| WORK TASK |
Should an entry contain an image, leave the image out and repeat the entry's text exactly.

Stored dataset items:
────────
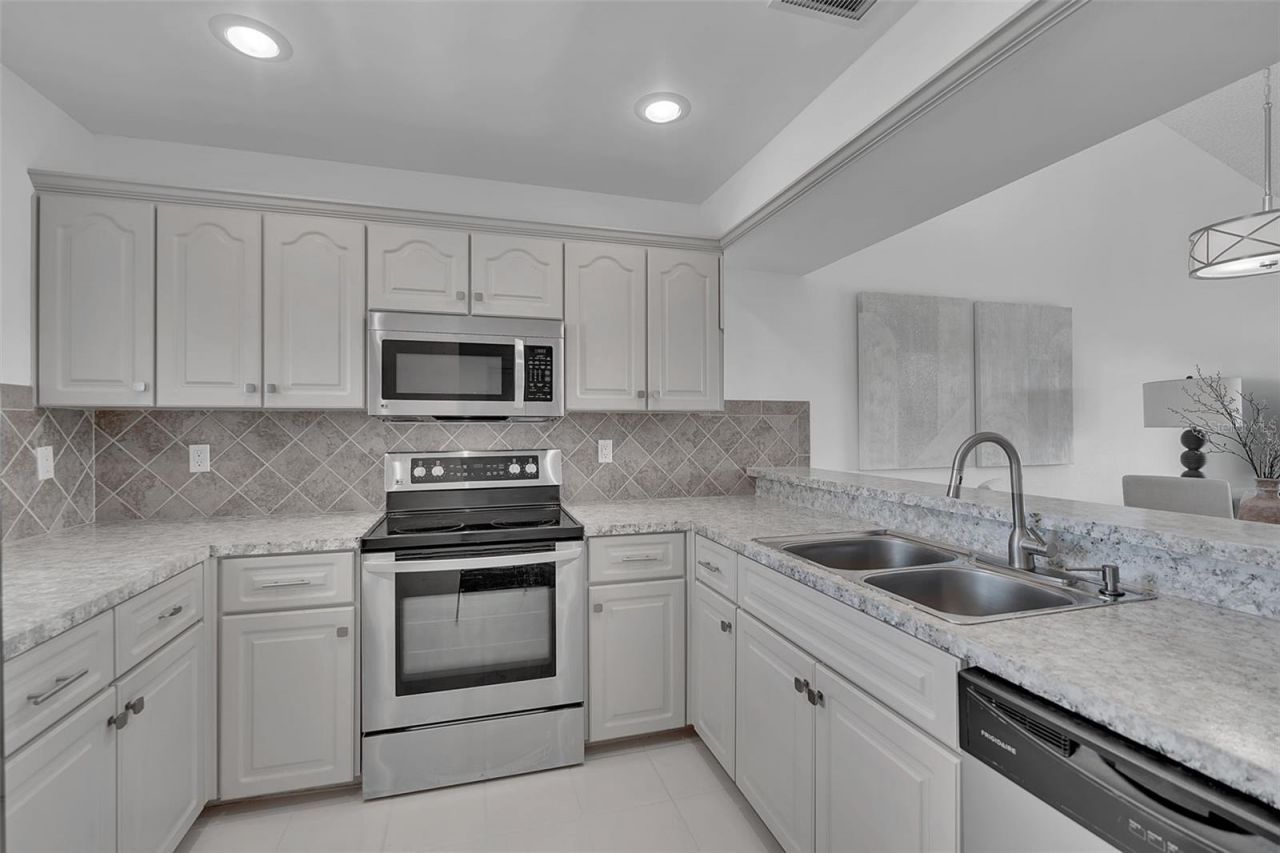 1142 Bird Bay Way, Unit 301, Venice, FL 34285 Photo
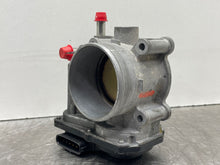 Load image into Gallery viewer, THROTTLE BODY Jaguar S Type 2006 06 2007 07 2008 08 - NW360953
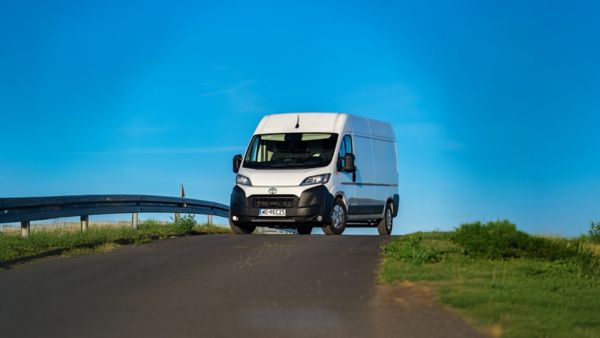 PROACE MAX rok od debiutu. Szeroka gama konwersji i zabudów częścią sukcesu Toyoty Professional na polskim rynku LCV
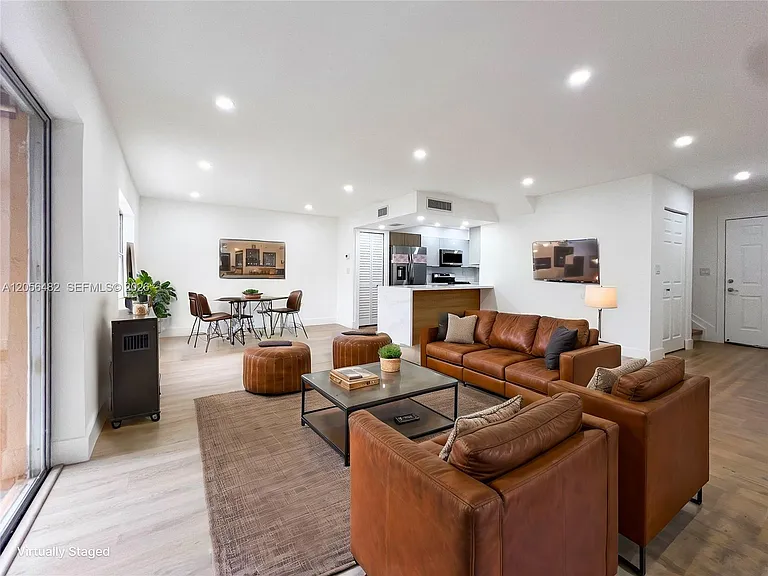 17911 NW 68th Ave #O207 — Photo 1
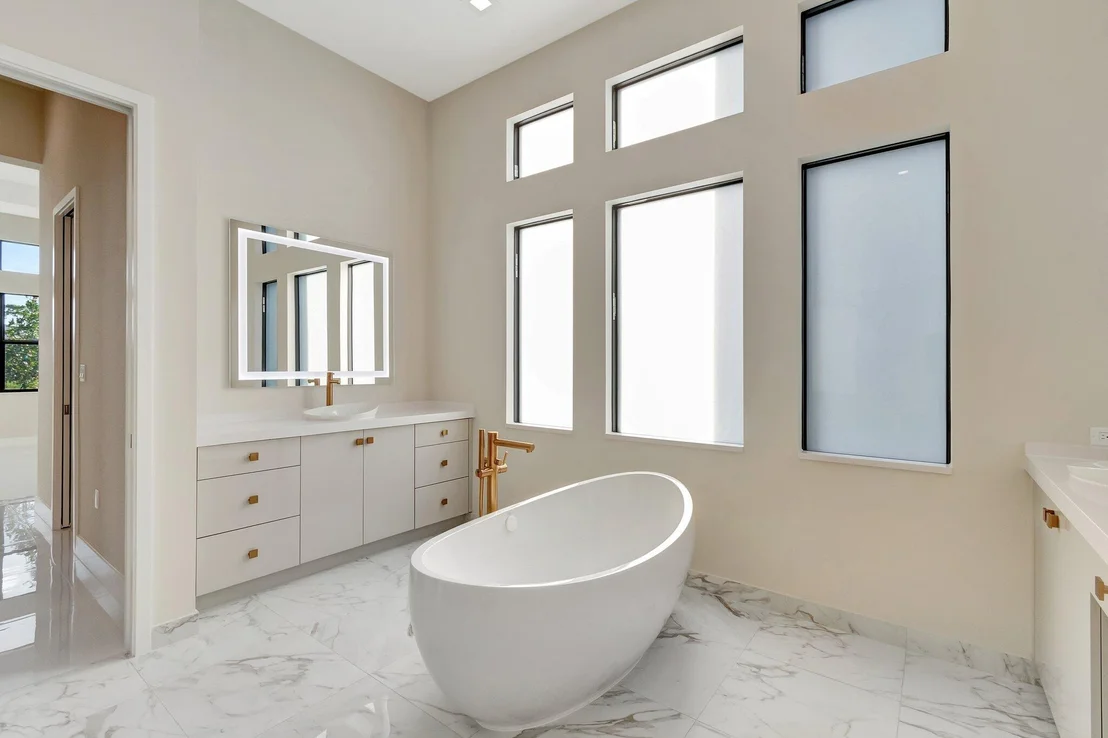 Photo of 9452 Riverside Park Drive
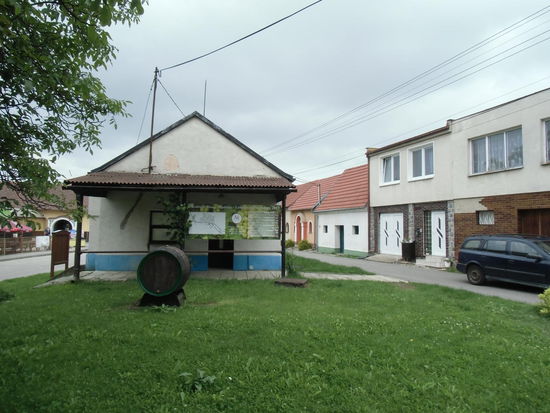 Im Zentrum von Mutenice ein Lagerhaus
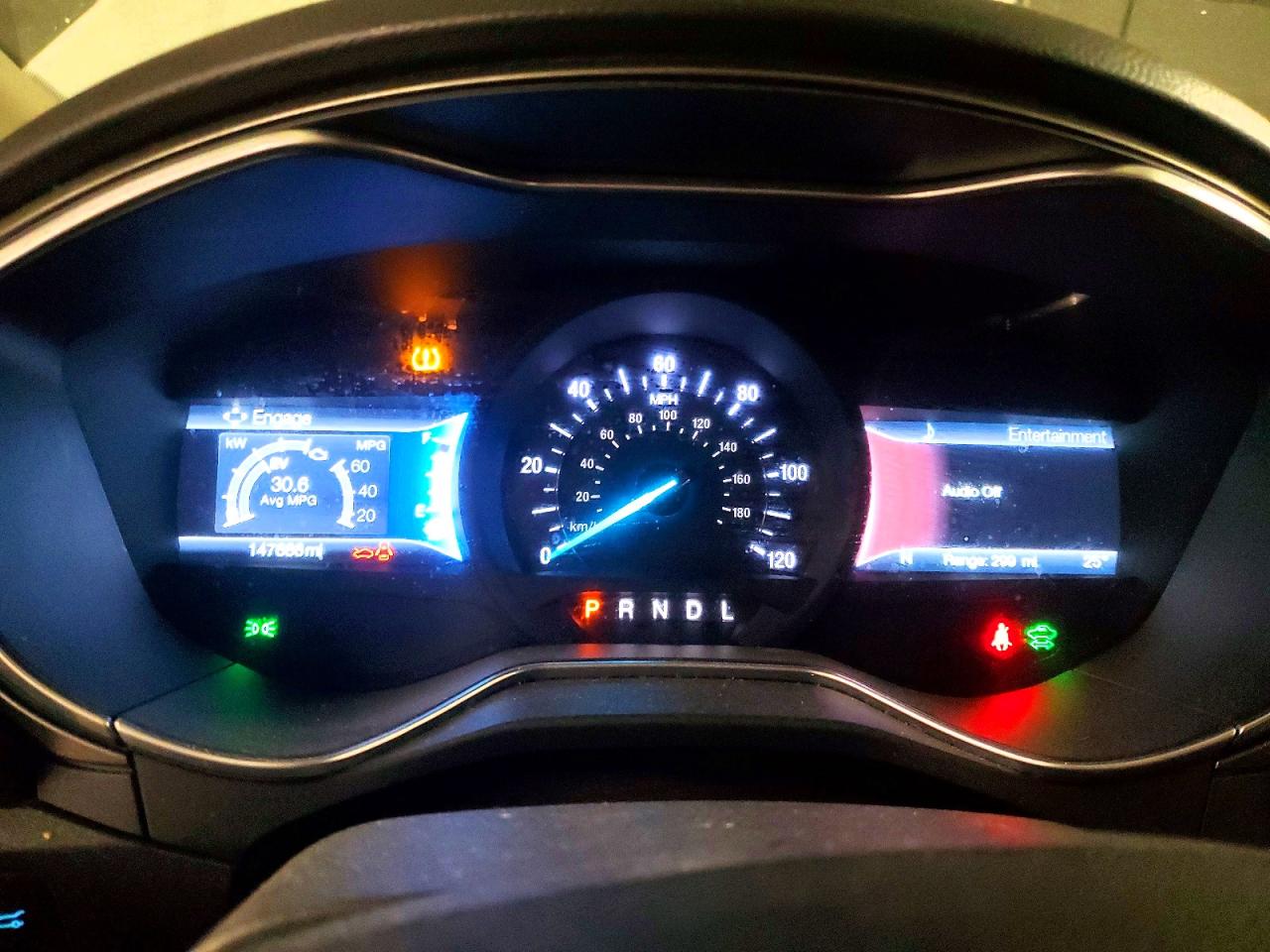 2017 FORD FUSION SE PHEV photo 9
────────
| ANSWER |
 1142 Bird Bay Way, Unit 301, Venice, FL 34285 Photo
 Load image into Gallery viewer, THROTTLE BODY Jaguar S Type 2006 06 2007 07 2008 08 - NW360953
 PROACE MAX rok od debiutu. Szeroka gama konwersji i zabudów częścią sukcesu Toyoty Professional na polskim rynku LCV
 17911 NW 68th Ave #O207 — Photo 1
 Photo of 9452 Riverside Park Drive
 Im Zentrum von Mutenice ein Lagerhaus
 2017 FORD FUSION SE PHEV photo 9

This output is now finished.